Task brief: Return each line of the entries that mentions the word "Linen".

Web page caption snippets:

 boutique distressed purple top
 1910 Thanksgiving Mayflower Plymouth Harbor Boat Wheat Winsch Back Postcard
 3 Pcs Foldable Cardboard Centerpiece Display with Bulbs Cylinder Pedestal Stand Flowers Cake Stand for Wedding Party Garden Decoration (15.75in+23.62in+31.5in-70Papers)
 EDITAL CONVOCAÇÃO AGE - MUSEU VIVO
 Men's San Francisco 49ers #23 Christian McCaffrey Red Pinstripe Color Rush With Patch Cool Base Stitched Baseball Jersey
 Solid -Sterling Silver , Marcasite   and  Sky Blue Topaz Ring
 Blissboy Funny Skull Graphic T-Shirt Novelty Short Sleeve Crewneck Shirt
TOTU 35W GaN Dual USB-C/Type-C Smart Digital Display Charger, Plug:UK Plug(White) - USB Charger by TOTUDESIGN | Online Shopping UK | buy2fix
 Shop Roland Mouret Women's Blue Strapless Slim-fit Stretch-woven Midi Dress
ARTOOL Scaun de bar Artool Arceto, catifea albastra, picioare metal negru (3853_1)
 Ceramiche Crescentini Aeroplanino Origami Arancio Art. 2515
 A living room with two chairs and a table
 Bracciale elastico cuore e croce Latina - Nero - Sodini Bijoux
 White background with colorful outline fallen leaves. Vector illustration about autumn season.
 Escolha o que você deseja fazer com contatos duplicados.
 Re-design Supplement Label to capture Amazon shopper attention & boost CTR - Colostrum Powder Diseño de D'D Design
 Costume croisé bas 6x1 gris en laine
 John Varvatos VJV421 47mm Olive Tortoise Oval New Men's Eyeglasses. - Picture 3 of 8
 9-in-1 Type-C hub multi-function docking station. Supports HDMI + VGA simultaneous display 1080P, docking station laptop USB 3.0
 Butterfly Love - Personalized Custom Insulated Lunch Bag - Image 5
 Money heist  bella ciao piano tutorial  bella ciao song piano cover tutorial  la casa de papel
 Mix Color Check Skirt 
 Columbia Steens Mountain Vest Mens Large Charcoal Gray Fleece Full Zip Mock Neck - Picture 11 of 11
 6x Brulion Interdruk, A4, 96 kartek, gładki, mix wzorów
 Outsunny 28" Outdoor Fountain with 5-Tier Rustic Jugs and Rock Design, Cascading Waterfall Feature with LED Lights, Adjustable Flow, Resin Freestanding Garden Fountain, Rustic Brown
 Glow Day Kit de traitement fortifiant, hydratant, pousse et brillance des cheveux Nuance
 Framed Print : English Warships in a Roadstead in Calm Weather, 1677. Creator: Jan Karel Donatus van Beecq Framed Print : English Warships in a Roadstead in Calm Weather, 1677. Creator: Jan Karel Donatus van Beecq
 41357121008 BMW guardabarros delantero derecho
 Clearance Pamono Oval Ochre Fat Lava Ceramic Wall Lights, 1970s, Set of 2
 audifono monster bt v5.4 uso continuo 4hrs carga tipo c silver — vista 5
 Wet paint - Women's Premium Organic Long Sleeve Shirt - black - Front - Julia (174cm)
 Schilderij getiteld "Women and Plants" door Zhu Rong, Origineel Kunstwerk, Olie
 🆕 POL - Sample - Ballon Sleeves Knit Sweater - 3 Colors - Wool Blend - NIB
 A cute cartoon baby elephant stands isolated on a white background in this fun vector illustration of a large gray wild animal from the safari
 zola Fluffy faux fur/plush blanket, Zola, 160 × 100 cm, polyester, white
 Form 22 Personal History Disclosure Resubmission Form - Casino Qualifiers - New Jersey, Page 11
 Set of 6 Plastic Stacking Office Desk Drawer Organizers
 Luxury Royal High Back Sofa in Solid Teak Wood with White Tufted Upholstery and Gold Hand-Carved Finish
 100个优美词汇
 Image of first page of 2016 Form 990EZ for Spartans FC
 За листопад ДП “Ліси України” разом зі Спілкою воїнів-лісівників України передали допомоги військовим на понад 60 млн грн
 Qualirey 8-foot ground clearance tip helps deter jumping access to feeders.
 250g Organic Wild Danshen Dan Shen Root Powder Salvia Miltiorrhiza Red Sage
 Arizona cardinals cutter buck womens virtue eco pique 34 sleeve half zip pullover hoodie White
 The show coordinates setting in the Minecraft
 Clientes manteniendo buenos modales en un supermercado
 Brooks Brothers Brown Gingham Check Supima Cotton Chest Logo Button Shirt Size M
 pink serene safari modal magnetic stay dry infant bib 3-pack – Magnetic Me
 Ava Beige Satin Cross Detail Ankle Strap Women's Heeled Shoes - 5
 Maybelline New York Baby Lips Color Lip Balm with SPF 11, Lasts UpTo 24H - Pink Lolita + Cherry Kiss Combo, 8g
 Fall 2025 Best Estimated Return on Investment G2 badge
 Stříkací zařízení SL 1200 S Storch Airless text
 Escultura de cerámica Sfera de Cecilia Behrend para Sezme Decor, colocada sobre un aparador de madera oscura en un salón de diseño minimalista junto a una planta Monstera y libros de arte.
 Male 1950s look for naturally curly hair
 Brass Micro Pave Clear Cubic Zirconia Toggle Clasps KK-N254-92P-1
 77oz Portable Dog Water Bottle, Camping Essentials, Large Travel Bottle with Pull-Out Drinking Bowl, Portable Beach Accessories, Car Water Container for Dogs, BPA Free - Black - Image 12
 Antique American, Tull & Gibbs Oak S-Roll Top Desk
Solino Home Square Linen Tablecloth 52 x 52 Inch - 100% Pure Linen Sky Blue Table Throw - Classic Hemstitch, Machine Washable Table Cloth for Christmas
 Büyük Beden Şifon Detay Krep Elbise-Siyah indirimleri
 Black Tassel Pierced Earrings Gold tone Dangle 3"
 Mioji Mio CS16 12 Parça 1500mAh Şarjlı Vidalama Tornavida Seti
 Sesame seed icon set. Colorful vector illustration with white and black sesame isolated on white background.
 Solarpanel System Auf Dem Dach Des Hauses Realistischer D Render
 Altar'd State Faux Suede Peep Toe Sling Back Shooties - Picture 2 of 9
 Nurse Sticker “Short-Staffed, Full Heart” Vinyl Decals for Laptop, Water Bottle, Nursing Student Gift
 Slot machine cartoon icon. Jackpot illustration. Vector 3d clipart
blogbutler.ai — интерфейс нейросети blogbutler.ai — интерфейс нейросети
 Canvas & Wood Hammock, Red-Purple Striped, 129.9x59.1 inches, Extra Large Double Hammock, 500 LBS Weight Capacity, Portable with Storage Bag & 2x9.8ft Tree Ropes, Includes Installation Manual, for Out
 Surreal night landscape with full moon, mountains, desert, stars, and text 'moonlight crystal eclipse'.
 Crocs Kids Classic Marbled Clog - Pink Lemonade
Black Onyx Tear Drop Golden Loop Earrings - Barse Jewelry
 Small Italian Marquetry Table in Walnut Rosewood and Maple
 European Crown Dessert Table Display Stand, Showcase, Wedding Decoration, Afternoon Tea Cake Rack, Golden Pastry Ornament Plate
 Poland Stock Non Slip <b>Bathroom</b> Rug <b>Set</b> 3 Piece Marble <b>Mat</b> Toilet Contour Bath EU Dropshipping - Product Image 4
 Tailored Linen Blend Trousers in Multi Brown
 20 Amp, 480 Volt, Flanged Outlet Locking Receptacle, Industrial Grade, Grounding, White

Exercise response:
Solino Home Square Linen Tablecloth 52 x 52 Inch - 100% Pure Linen Sky Blue Table Throw - Classic Hemstitch, Machine Washable Table Cloth for Christmas
 Tailored Linen Blend Trousers in Multi Brown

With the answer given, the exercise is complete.